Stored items

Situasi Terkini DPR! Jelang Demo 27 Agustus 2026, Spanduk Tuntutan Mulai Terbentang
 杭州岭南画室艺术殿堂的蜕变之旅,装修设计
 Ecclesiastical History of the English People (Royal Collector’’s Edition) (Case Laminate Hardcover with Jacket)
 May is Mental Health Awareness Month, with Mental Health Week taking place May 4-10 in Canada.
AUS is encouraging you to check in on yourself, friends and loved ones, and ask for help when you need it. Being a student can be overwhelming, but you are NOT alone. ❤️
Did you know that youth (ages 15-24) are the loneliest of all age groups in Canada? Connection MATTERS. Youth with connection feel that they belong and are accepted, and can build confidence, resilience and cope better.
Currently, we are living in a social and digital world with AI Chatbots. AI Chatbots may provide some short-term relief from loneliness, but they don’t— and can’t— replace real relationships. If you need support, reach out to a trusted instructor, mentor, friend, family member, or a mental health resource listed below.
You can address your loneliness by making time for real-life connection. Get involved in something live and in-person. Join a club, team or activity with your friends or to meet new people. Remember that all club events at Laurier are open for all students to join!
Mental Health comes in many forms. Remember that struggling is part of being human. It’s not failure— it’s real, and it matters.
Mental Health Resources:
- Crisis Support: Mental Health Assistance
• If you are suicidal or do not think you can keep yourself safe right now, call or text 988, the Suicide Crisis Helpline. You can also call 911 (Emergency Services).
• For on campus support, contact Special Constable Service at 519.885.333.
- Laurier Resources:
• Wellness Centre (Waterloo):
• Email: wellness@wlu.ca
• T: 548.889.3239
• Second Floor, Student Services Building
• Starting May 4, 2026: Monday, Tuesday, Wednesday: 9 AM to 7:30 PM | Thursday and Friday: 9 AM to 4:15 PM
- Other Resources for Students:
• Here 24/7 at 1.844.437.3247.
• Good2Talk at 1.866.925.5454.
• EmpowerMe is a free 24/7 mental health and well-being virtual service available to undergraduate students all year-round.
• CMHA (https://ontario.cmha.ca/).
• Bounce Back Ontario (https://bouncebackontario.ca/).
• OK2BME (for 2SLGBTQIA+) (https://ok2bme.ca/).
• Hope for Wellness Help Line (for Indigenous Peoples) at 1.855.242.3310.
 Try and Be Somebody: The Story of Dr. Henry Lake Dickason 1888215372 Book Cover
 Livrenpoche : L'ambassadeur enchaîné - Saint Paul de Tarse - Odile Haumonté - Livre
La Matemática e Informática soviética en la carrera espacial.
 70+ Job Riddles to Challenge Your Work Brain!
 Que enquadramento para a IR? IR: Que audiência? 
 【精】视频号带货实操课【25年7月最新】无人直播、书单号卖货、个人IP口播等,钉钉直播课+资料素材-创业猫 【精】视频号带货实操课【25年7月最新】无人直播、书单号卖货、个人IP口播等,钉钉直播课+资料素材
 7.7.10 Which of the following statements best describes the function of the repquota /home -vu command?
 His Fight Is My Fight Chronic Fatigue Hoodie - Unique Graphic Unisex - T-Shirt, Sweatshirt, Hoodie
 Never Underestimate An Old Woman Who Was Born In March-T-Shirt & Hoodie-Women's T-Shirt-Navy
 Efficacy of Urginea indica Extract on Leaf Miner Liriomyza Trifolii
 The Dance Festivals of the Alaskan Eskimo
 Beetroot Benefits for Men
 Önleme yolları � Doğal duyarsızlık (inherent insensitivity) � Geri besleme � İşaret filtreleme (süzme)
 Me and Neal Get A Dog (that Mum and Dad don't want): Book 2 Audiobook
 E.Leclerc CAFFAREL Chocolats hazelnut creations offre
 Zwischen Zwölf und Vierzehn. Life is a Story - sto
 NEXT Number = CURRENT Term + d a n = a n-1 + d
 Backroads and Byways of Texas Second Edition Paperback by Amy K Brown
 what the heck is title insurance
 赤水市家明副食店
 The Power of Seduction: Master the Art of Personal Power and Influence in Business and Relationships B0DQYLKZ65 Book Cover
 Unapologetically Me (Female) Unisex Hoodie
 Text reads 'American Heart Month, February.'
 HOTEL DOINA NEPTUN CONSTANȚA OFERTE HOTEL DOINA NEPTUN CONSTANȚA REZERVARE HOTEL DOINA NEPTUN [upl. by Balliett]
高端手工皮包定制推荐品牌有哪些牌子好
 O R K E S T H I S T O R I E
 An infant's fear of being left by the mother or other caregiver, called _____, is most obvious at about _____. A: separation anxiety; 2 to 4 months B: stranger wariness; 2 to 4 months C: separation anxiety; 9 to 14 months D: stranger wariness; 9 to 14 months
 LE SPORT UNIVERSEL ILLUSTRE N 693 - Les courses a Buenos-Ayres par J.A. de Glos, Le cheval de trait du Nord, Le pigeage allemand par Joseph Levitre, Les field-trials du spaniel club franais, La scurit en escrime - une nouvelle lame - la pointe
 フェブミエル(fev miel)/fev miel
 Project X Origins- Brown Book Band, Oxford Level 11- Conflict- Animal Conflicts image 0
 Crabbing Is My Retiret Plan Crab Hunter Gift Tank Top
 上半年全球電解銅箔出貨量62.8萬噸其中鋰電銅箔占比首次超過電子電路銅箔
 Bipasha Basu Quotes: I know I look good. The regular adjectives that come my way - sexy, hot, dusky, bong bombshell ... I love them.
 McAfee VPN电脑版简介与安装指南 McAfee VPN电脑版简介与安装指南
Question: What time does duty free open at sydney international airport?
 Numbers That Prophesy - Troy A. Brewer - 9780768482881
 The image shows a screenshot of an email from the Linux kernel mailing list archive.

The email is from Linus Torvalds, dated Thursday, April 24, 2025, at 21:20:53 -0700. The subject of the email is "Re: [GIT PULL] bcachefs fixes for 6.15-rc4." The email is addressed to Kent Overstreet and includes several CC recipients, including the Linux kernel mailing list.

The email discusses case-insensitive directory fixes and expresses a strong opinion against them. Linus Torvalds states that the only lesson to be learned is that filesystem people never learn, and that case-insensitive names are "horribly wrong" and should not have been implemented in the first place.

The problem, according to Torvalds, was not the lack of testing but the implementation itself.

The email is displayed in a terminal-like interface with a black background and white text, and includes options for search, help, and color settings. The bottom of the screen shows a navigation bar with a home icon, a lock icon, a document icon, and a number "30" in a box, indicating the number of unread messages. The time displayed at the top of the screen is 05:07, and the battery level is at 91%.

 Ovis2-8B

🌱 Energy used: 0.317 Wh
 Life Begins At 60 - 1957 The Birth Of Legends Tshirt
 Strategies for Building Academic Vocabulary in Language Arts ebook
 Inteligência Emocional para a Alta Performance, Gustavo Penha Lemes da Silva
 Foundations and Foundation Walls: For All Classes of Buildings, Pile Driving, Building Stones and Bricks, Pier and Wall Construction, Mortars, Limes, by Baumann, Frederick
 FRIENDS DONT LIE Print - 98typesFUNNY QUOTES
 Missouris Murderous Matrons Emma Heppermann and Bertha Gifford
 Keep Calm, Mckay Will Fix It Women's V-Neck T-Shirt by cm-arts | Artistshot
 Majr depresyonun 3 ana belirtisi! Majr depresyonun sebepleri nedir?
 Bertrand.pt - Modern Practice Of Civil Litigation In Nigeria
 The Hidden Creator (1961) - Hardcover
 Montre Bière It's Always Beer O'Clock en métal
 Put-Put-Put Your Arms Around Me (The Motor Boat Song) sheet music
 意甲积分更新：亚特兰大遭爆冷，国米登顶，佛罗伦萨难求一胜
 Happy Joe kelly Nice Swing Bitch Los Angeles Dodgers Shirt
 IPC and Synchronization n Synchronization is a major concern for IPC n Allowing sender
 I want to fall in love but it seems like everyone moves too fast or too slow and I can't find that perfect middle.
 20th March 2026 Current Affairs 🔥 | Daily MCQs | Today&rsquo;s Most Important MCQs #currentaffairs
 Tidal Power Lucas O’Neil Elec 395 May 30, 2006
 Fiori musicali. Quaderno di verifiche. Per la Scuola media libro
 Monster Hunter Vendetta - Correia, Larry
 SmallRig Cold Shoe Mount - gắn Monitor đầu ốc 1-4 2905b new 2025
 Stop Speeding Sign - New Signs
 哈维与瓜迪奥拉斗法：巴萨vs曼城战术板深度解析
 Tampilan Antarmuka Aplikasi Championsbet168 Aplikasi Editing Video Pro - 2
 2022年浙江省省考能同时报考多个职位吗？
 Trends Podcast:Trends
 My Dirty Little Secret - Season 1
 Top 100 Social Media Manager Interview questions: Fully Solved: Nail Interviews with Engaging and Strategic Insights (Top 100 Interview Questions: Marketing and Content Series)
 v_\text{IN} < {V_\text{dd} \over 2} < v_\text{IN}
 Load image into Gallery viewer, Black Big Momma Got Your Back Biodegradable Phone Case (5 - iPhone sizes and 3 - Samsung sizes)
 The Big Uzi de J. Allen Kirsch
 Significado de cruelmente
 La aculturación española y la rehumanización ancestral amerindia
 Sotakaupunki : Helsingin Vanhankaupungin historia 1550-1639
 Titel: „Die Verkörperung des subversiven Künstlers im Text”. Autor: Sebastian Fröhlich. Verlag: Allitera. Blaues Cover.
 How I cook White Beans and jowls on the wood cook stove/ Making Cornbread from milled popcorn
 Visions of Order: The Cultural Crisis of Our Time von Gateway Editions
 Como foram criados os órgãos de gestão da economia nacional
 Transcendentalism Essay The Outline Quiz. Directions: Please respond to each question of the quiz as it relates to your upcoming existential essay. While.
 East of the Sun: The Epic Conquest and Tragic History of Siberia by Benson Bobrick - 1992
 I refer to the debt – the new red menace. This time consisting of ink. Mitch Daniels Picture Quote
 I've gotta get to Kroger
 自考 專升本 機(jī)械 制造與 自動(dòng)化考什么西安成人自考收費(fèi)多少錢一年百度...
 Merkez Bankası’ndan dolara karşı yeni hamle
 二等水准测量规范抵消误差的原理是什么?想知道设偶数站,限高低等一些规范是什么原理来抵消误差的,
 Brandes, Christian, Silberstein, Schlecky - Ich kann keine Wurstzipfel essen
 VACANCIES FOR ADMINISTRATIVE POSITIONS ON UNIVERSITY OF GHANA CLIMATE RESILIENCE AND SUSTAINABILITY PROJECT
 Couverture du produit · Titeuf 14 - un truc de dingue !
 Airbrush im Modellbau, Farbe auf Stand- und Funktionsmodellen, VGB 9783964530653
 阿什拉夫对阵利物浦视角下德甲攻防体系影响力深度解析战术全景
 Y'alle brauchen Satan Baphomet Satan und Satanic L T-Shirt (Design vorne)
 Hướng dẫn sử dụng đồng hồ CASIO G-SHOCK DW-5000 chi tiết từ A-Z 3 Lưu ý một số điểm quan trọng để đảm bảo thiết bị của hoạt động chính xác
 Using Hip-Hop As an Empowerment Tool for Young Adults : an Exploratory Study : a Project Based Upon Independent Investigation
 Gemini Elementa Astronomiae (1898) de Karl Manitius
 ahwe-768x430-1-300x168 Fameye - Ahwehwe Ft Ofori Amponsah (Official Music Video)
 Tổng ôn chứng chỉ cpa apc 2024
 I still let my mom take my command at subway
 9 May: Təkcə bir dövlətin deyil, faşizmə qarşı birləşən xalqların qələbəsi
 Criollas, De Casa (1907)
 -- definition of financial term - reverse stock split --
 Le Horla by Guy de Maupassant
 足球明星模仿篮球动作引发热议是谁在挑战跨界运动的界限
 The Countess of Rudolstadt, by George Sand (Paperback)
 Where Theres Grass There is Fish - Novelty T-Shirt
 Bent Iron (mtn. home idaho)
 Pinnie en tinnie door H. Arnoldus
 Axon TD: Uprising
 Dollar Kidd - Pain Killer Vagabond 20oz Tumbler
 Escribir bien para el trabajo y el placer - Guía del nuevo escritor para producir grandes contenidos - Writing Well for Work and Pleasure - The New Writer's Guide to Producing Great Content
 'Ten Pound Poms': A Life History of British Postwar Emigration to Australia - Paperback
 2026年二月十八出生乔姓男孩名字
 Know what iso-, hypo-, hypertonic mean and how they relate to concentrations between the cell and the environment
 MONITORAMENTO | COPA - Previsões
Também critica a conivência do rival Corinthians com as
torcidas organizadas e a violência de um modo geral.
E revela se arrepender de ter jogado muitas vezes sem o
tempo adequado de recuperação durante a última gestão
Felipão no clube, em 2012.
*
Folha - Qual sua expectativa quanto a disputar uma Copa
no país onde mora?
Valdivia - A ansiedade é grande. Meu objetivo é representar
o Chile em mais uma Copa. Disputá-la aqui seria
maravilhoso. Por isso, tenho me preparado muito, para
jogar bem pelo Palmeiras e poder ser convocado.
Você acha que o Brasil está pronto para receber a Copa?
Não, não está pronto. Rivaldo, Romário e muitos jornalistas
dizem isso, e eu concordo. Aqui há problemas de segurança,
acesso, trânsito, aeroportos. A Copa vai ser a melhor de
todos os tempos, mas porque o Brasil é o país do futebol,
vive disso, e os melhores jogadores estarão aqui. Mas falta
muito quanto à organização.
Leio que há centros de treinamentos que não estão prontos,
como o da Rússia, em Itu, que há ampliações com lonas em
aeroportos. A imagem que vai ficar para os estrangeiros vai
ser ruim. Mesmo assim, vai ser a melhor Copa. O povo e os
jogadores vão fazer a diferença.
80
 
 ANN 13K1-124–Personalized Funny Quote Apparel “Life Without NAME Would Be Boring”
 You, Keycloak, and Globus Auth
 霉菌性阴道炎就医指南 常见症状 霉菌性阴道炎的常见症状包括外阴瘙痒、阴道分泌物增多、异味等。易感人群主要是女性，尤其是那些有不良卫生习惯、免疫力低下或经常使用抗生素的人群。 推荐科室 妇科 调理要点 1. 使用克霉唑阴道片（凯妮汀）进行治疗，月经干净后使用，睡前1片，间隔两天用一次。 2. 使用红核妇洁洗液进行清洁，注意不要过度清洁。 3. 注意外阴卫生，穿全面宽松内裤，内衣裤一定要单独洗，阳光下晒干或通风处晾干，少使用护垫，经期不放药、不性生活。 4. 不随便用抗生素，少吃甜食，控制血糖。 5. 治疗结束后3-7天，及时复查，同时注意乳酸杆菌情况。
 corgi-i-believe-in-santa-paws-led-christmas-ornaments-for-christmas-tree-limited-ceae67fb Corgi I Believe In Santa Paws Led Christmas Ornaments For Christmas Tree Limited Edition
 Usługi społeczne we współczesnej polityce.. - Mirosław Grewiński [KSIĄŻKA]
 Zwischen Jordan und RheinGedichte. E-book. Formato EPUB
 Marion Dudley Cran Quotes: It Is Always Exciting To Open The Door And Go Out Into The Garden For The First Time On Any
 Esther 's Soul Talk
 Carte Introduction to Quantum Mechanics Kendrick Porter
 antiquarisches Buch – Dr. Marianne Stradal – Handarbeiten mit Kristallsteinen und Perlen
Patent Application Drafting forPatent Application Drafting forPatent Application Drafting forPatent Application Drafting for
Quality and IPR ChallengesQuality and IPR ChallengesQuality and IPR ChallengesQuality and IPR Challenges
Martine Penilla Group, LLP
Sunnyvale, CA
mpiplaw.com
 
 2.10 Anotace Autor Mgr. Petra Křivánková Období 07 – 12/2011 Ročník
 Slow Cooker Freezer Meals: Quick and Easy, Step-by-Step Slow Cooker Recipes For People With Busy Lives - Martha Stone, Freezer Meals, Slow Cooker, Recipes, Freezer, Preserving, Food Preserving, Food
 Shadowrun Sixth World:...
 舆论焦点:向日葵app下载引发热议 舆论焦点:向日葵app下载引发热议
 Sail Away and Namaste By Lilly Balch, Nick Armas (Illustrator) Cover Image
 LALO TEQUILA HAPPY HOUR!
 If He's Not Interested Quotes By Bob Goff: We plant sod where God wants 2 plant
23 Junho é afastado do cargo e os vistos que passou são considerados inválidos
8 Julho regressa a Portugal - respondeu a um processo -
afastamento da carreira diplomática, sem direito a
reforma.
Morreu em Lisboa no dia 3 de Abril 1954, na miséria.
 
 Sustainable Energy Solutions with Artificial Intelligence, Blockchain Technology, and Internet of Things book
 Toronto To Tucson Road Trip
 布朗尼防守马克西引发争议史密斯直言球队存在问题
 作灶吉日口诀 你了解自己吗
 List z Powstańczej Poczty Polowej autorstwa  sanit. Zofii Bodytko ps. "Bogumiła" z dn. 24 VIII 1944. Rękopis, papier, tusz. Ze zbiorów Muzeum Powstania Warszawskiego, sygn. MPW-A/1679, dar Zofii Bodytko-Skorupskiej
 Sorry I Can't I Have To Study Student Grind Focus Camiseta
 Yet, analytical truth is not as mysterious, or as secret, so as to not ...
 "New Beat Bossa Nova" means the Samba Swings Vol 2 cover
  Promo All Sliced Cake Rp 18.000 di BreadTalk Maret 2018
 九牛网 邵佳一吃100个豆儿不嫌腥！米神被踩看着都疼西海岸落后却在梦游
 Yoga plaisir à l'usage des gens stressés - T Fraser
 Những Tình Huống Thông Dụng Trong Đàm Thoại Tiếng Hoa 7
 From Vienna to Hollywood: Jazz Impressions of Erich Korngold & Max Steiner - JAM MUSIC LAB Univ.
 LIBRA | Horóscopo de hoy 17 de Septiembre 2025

Exercise prompt: Could you reproduce, exactly, every line above from the line with "Fiori musicali. Quaderno" to the line with "Titel: „Die Verkörperung", and no other line? Both ends count.

Exercise answer:
 Fiori musicali. Quaderno di verifiche. Per la Scuola media libro
 Monster Hunter Vendetta - Correia, Larry
 SmallRig Cold Shoe Mount - gắn Monitor đầu ốc 1-4 2905b new 2025
 Stop Speeding Sign - New Signs
 哈维与瓜迪奥拉斗法：巴萨vs曼城战术板深度解析
 Tampilan Antarmuka Aplikasi Championsbet168 Aplikasi Editing Video Pro - 2
 2022年浙江省省考能同时报考多个职位吗？
 Trends Podcast:Trends
 My Dirty Little Secret - Season 1
 Top 100 Social Media Manager Interview questions: Fully Solved: Nail Interviews with Engaging and Strategic Insights (Top 100 Interview Questions: Marketing and Content Series)
 v_\text{IN} < {V_\text{dd} \over 2} < v_\text{IN}
 Load image into Gallery viewer, Black Big Momma Got Your Back Biodegradable Phone Case (5 - iPhone sizes and 3 - Samsung sizes)
 The Big Uzi de J. Allen Kirsch
 Significado de cruelmente
 La aculturación española y la rehumanización ancestral amerindia
 Sotakaupunki : Helsingin Vanhankaupungin historia 1550-1639
 Titel: „Die Verkörperung des subversiven Künstlers im Text”. Autor: Sebastian Fröhlich. Verlag: Allitera. Blaues Cover.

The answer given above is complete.